+++ Information shown +++
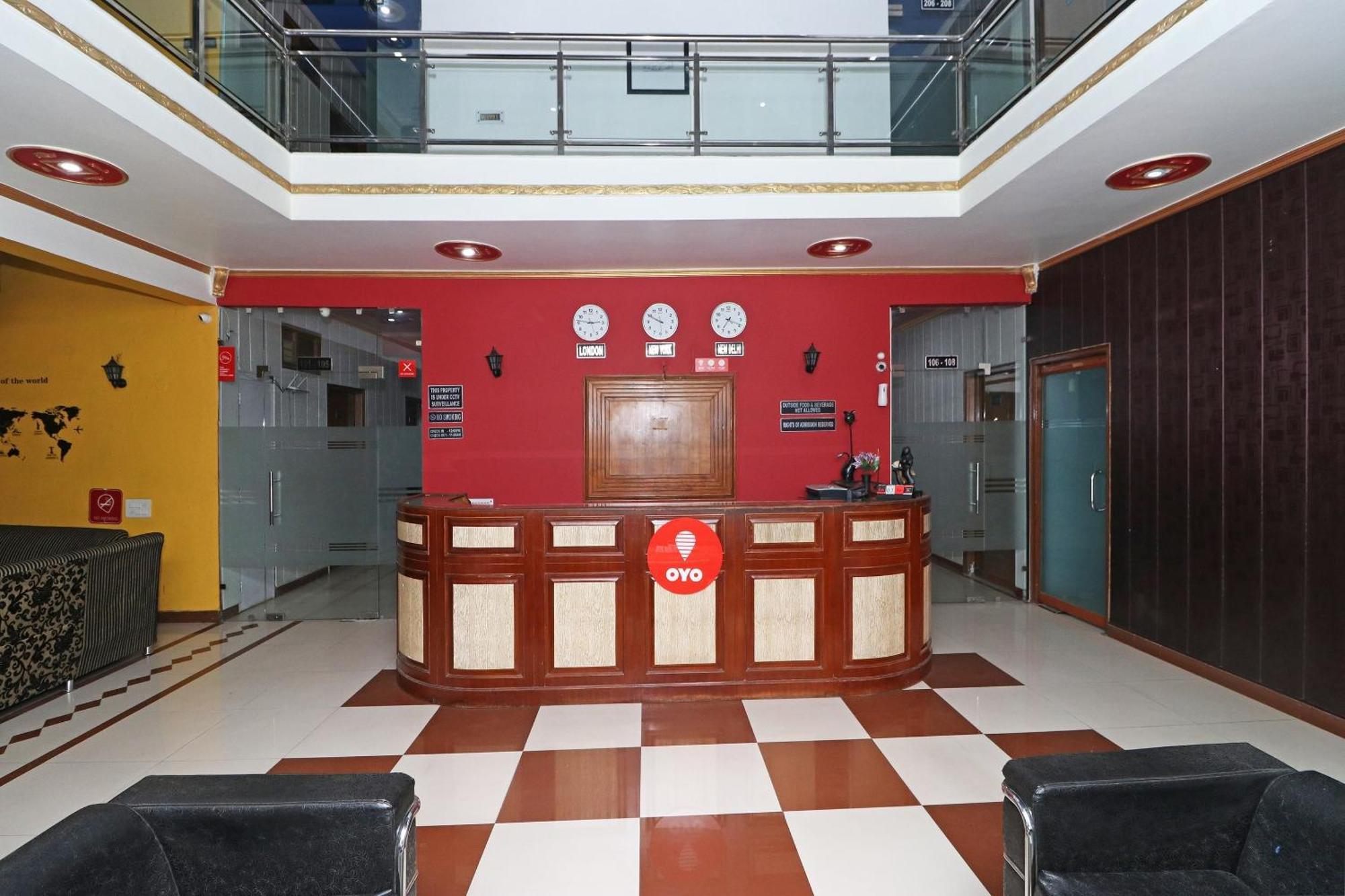 Townhouse Satguru Enclave Road Gurgaon Hotel Jāmb Exterior foto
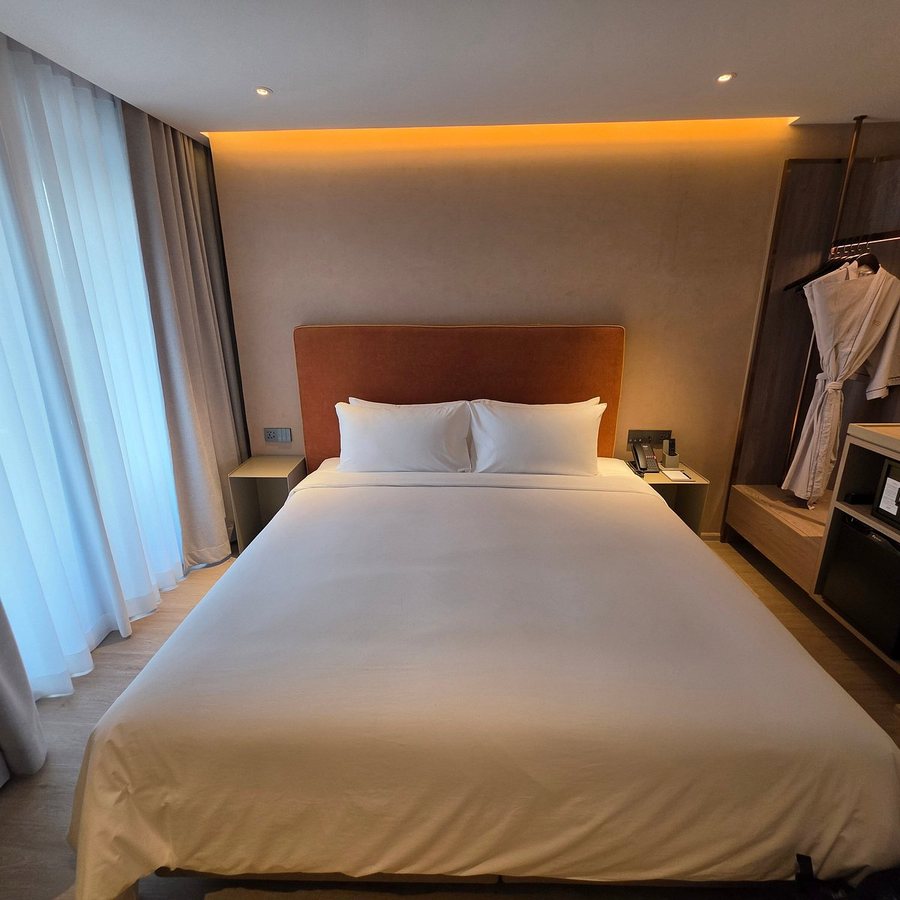 ROYS Hotel Bangkok — Guest room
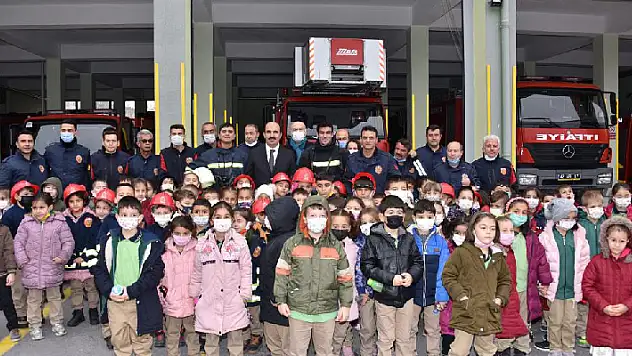 Konya'da minik öğrenciler yangın konusunda bilinçleniyor
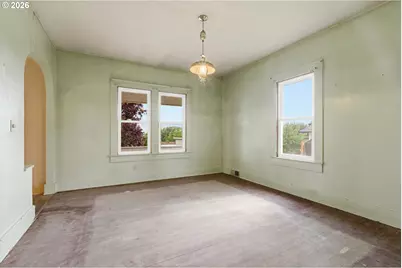 826 E 15th St, The Dalles, OR 97058 - Photo 8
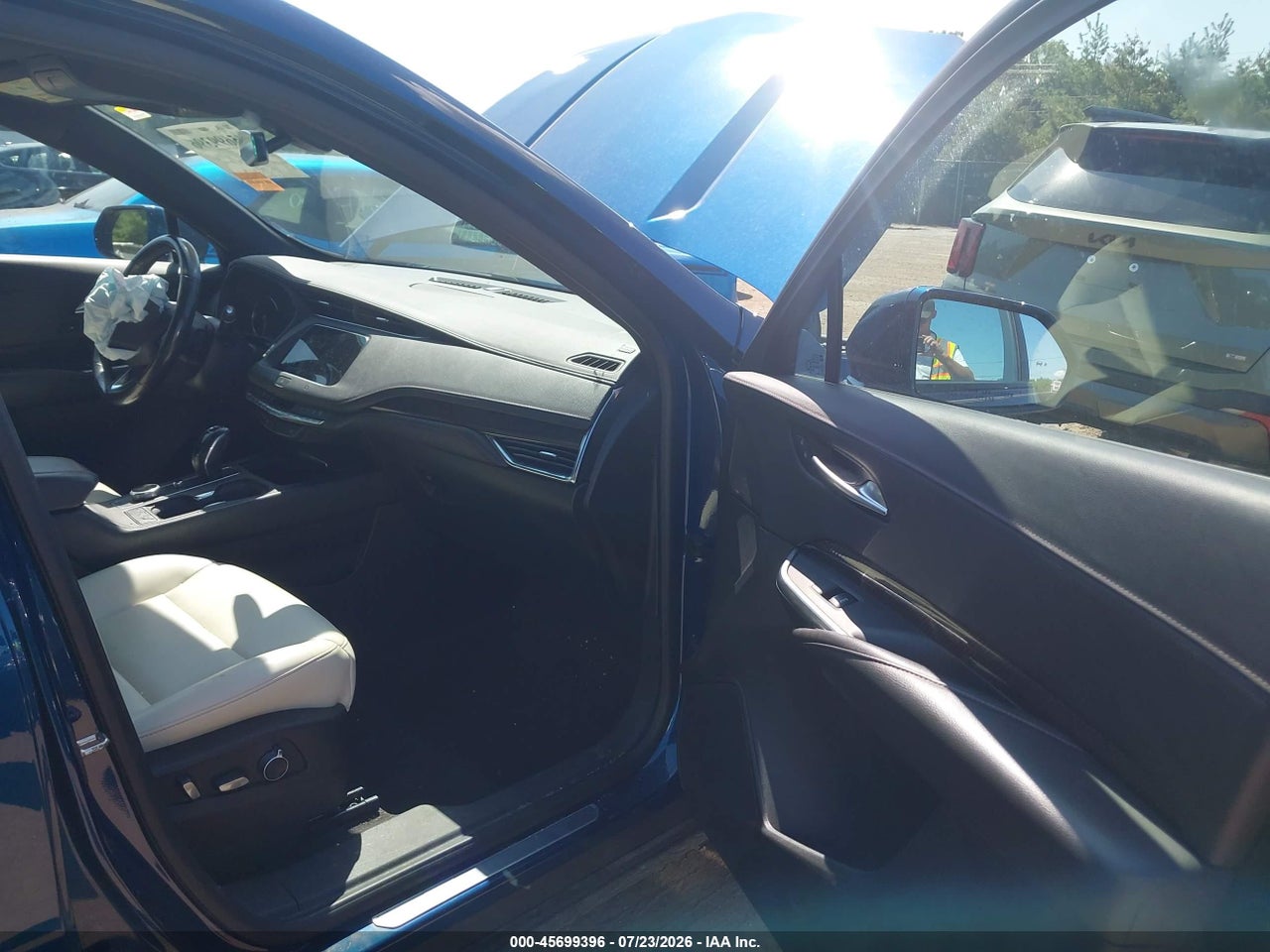 2019 CADILLAC XT4 SPORT · 5/11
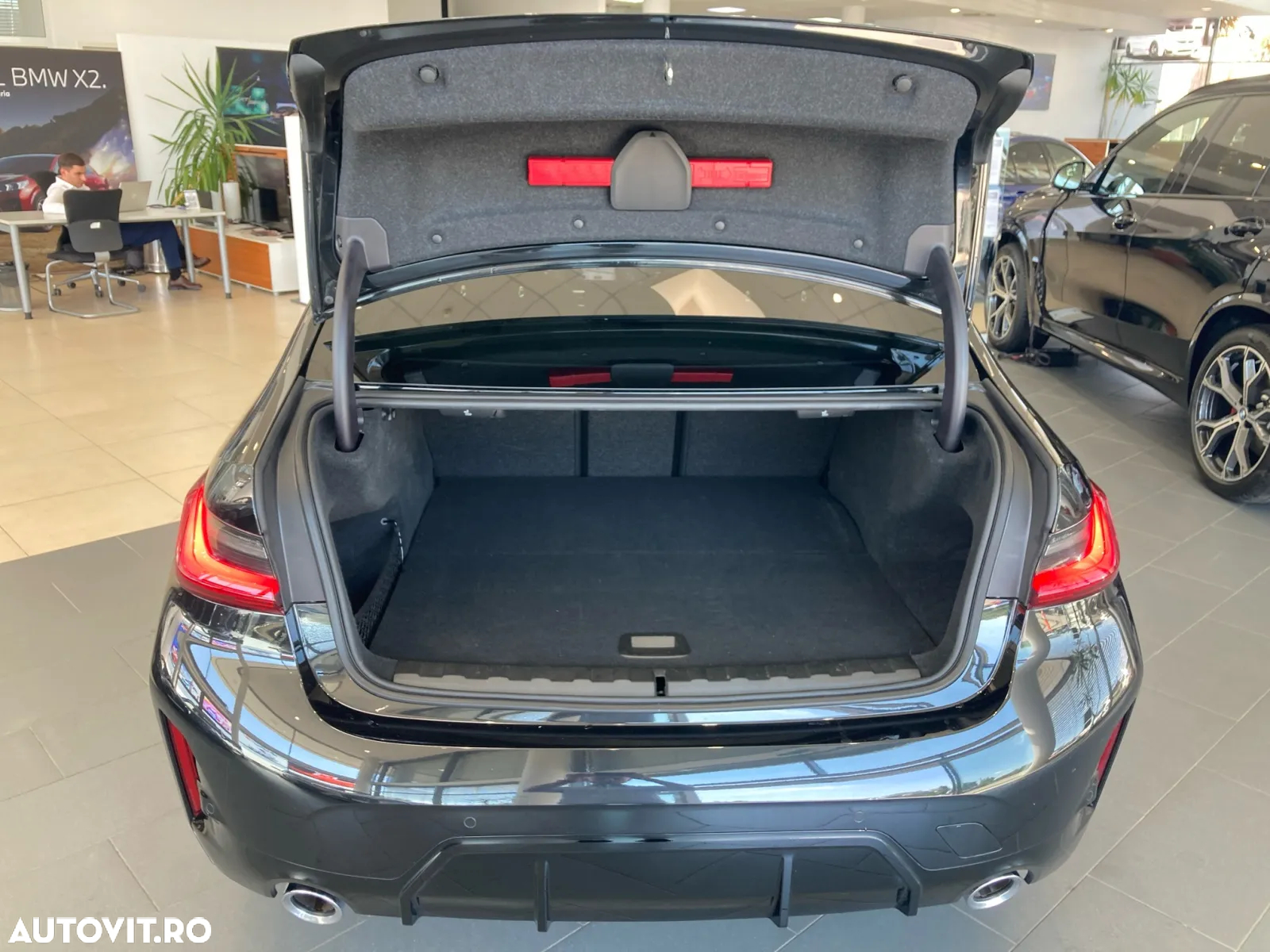 BMW Seria 3 330e xDrive Aut. - 14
+++
Leave the pictures out, then output exactly the lines from the "ROYS Hotel Bangkok — Guest room" line through the end of the records above, and no others.

 ROYS Hotel Bangkok — Guest room
 Konya'da minik öğrenciler yangın konusunda bilinçleniyor
 826 E 15th St, The Dalles, OR 97058 - Photo 8
 2019 CADILLAC XT4 SPORT · 5/11
 BMW Seria 3 330e xDrive Aut. - 14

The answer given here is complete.